Sparking a Dialogue

Lehigh’s Humanities Center helps drive humanities research and teaching under the direction of Suzanne Edwards

By Wendy Greenberg

As Humanities Center director, Suzanne Edwards, associate professor of English, tries to ignite those sparks as she builds a community engaged in understanding the human experience. Along the way, the center has become an incubator for cross-disciplinary collaborations that lead to courses, projects and  research—in fact, anything is possible. 

Edwards asks a lot of questions and encourages others to do the same. “How can the Humanities Center facilitate projects driven by the interests of those who work in the humanities?” She answers her own question:“Facilitating new conversations and communicating a clear vision of the enduring importance of the humanities for everyone.”

Today, advocating for the humanities is crucial. This fall, the Humanities Center steering committee, which includes members of Lehigh’s arts and humanities departments (art, architecture and design, English, history, modern languages and literatures, music, philosophy, religion studies and theatre), wrote a report detailing the value of these programs to Lehigh’s educational mission and identifying areas for growth. The arts and humanities faculty saw the need for the document, given national patterns of declining course enrollments in these fields and public uncertainty about the value of a liberal arts education. 

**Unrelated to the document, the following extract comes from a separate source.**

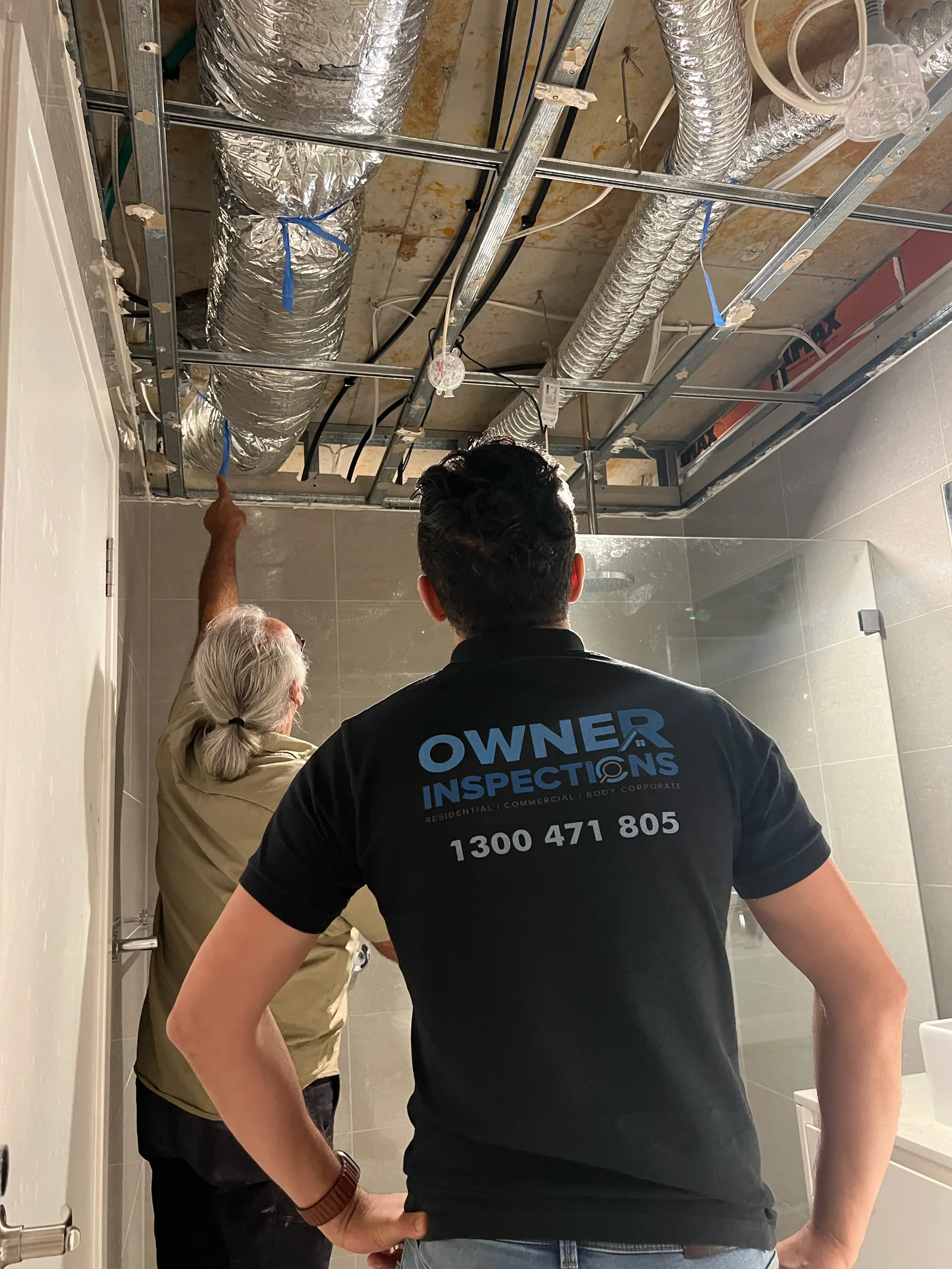 Owner Inspections inspector and builder reviewing exposed ceiling framing, ductwork and services in a bathroom before the ceiling is closed up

The arts and humanities, says Edwards, “prepare students for a future we never thought of,” borrowing a line from Provost Patrick Farrell and reflecting President John Simon’s vision for Lehigh. By training students to see problems from other people’s perspectives, humanities courses lay the groundwork for effective collaboration and communication. The value of the humanities to employers is clear. The American Association of Colleges and Universities and American Association of University Professors reported last spring that employers “strenuously argue that liberal arts majors make great tech-sector workers precisely because they are trained to think critically and creatively and to adapt to unforeseen circumstances.”

Edwards, who has directed the center for three years, explores such interdisciplinary connections in her courses and publications on medieval literature. Her scholarship shows how the study of the distant past can help us think in new ways about ethics and justice in the present. That makes her a strong advocate for a center that considers different understandings of the human experience.

“You can see how my research interests made this job interesting to me,” she says of directing the center. “Learning from the past informs my approach to the humanities. The past is an important tool for understanding the present, for learning how our present might look from the outside. The past trains us to see the present that we take for granted with a more critical eye.”